## Exercise requirements
Every line below from the one containing "2011 TOYOTA CAMRY" through the one containing "2018 Lightning Blue Ford F-150 XLT 4X4 Truck" is to be printed exactly, with the pictures omitted.

** Opening Source material block **

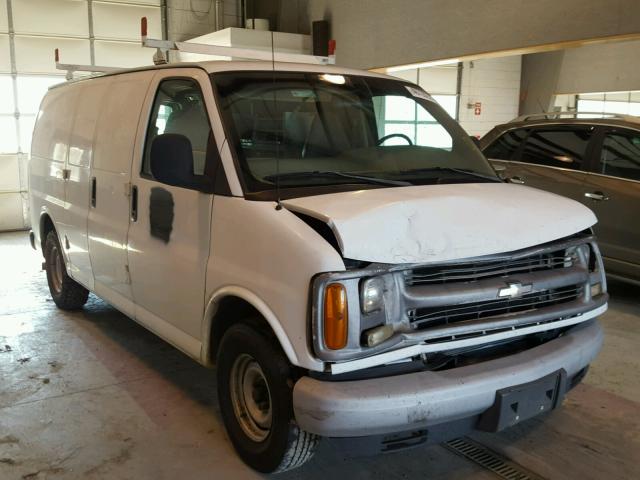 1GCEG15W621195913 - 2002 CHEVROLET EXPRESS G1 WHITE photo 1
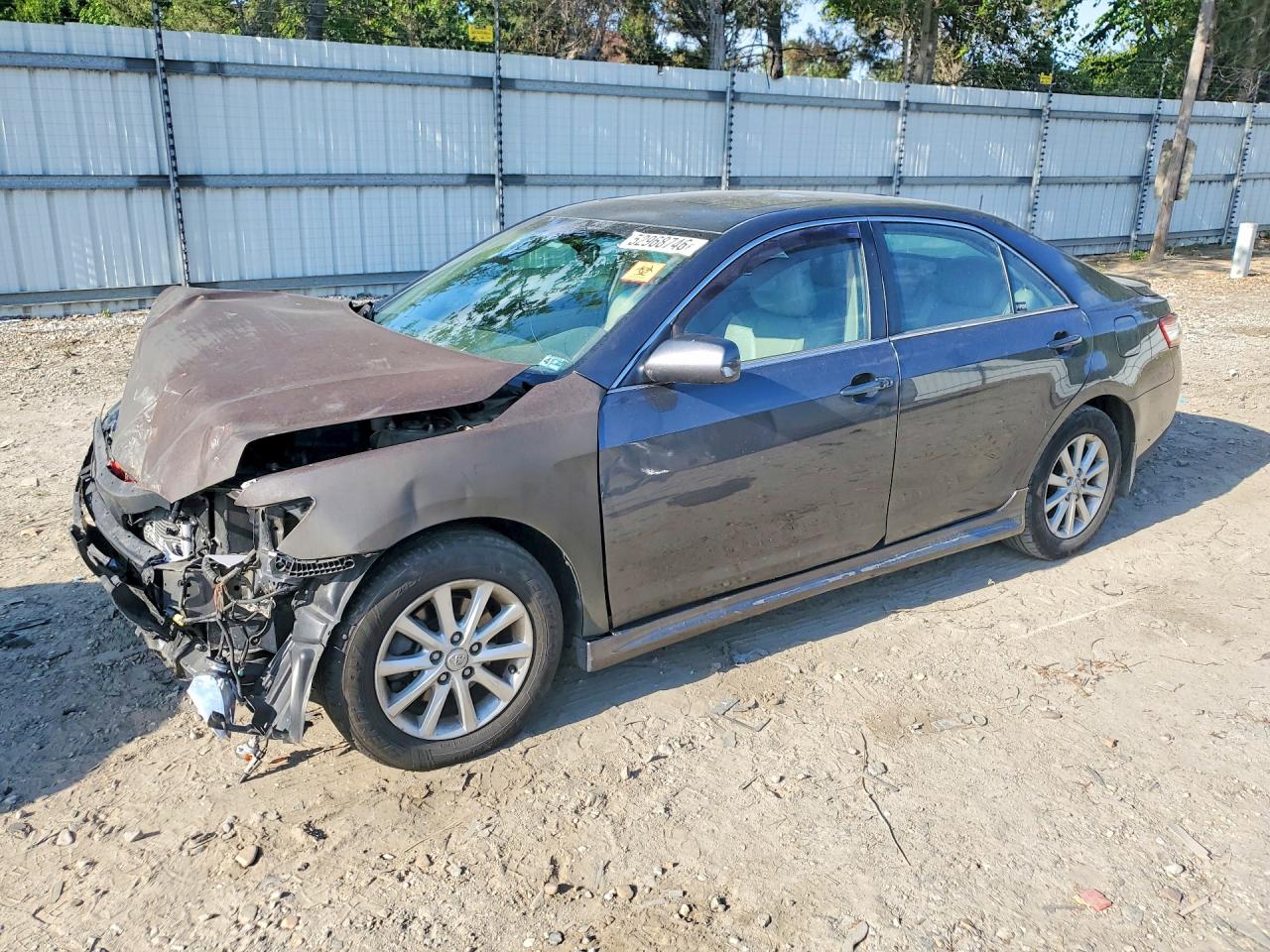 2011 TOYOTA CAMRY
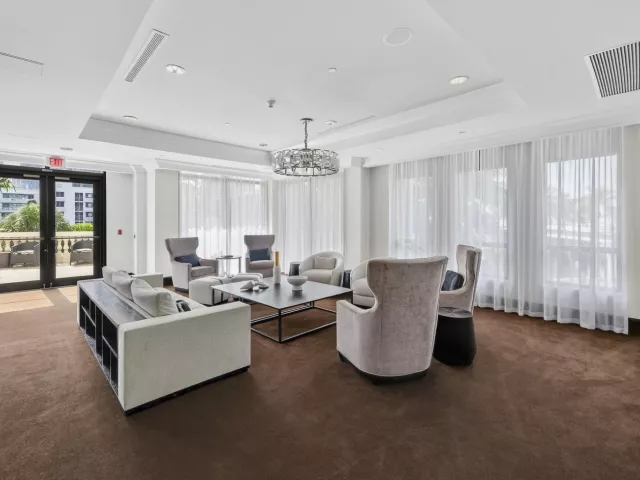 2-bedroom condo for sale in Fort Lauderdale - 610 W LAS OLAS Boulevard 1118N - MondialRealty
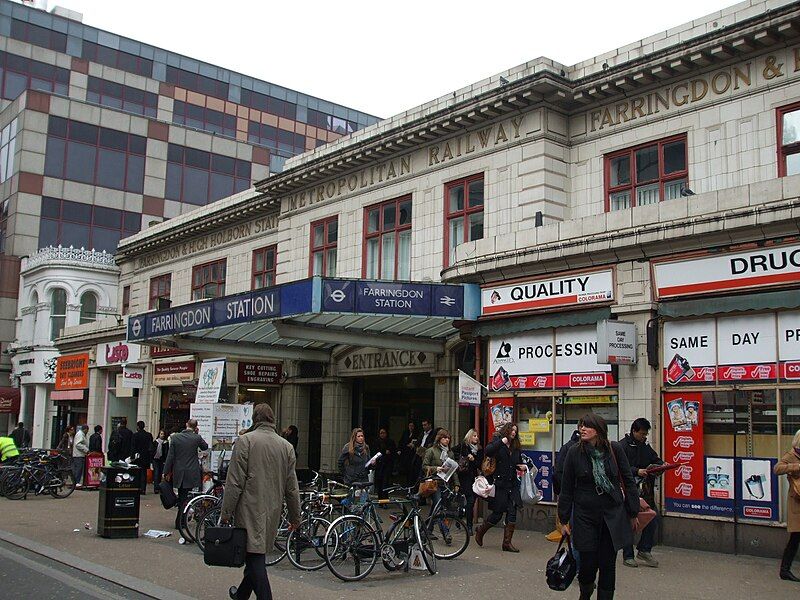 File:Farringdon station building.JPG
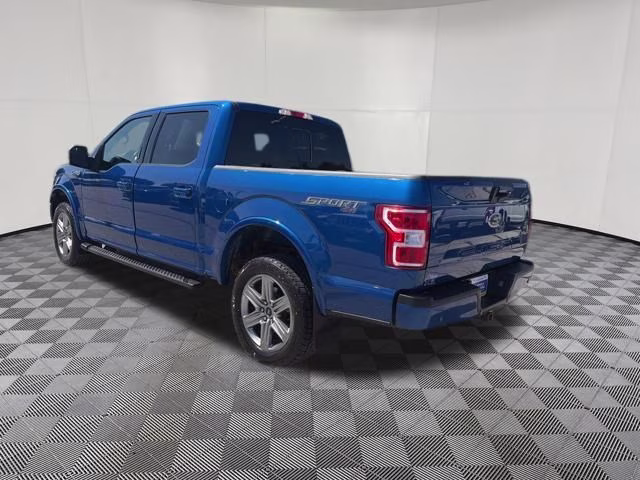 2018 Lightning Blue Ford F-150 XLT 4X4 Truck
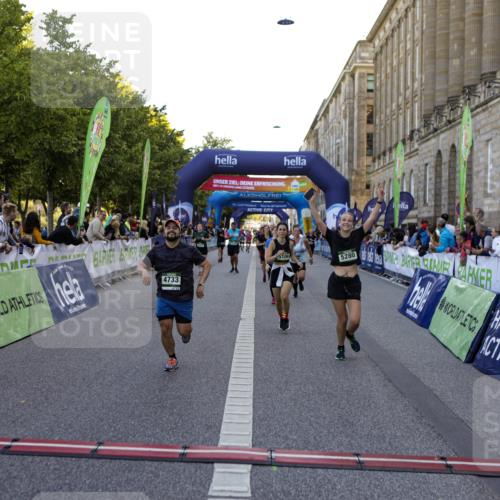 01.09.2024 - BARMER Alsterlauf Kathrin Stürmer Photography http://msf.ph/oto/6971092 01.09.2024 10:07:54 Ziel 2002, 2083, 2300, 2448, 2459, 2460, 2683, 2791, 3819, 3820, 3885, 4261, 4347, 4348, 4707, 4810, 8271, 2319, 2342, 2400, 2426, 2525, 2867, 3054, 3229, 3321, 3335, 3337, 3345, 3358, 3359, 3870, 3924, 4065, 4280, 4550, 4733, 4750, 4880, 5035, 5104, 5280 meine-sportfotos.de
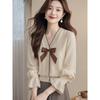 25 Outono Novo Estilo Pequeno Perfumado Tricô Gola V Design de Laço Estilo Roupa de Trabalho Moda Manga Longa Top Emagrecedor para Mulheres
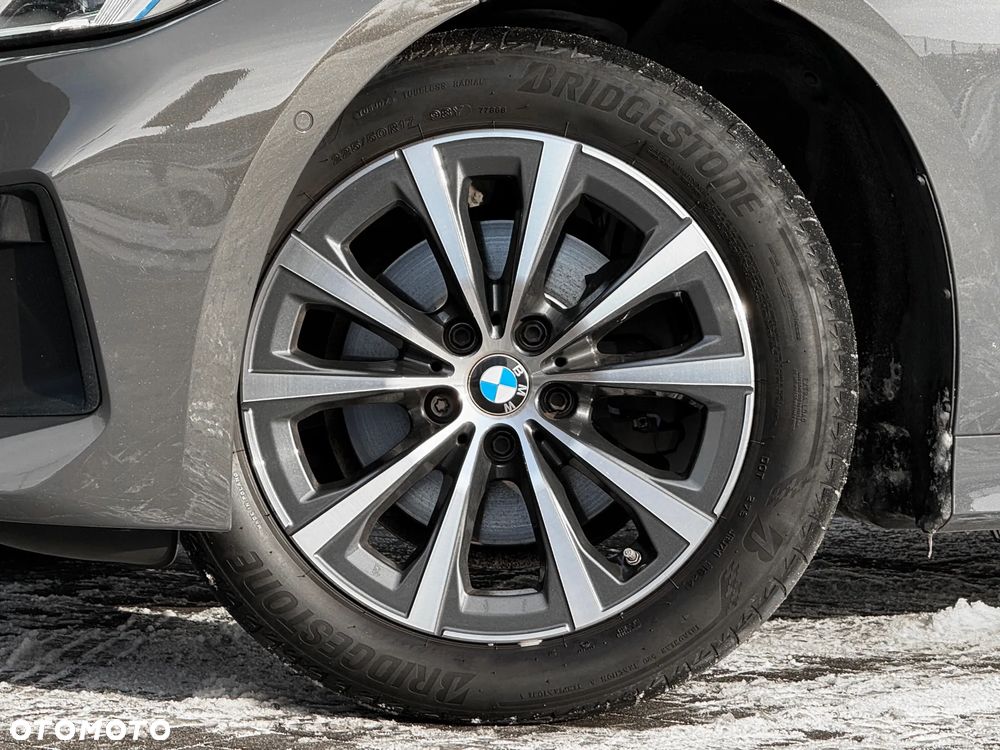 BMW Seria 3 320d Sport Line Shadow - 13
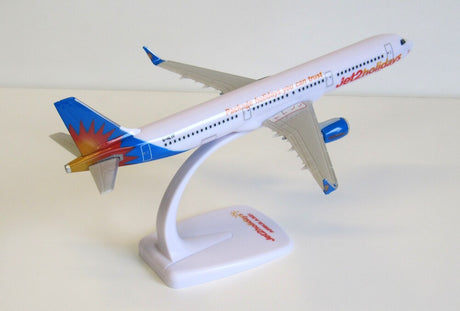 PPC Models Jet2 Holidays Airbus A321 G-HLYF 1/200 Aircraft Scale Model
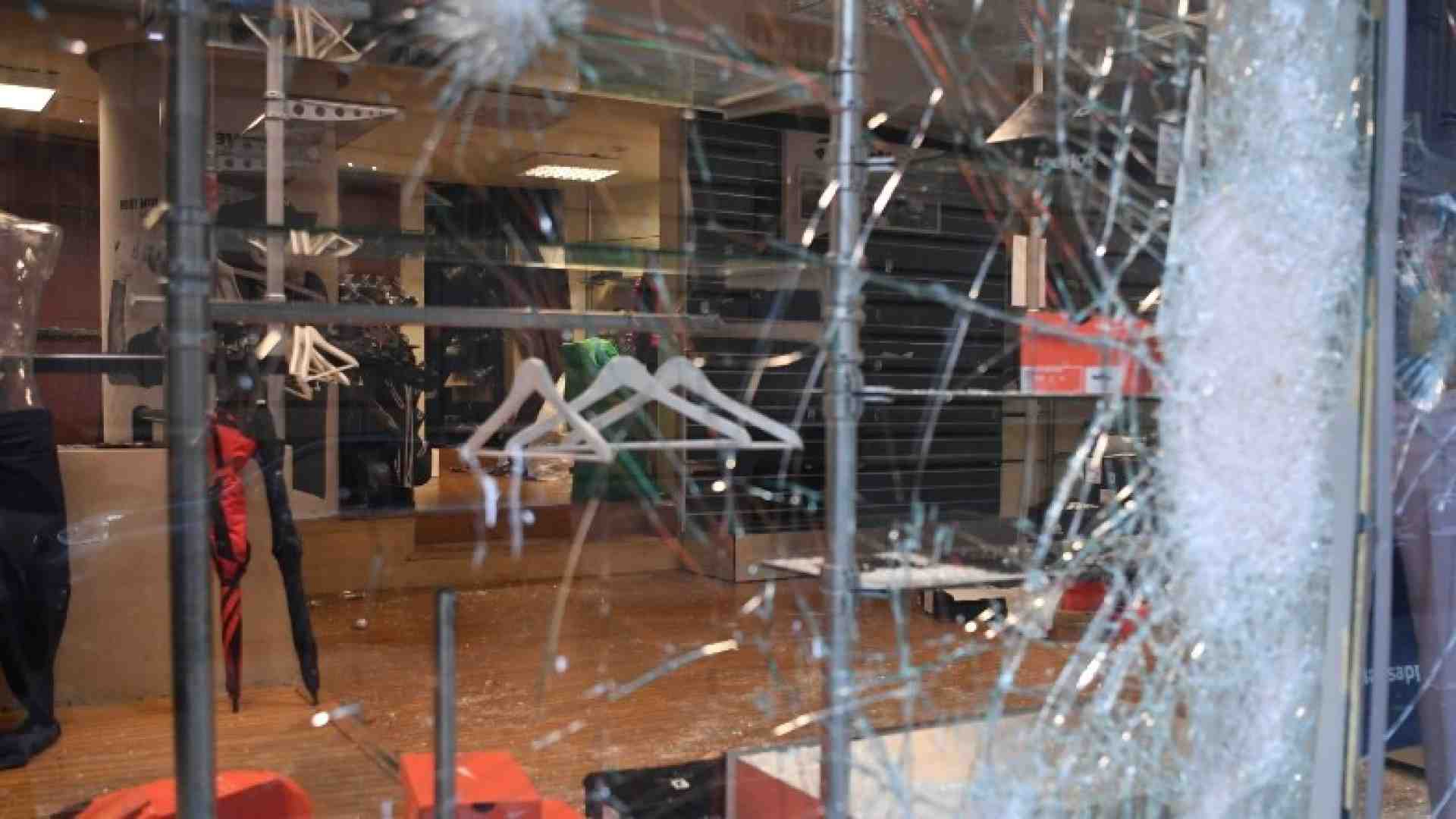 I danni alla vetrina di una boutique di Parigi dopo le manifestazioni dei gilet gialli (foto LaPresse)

** Closing Source material block **

## Answer area
 2011 TOYOTA CAMRY
 2-bedroom condo for sale in Fort Lauderdale - 610 W LAS OLAS Boulevard 1118N - MondialRealty
 File:Farringdon station building.JPG
 2018 Lightning Blue Ford F-150 XLT 4X4 Truck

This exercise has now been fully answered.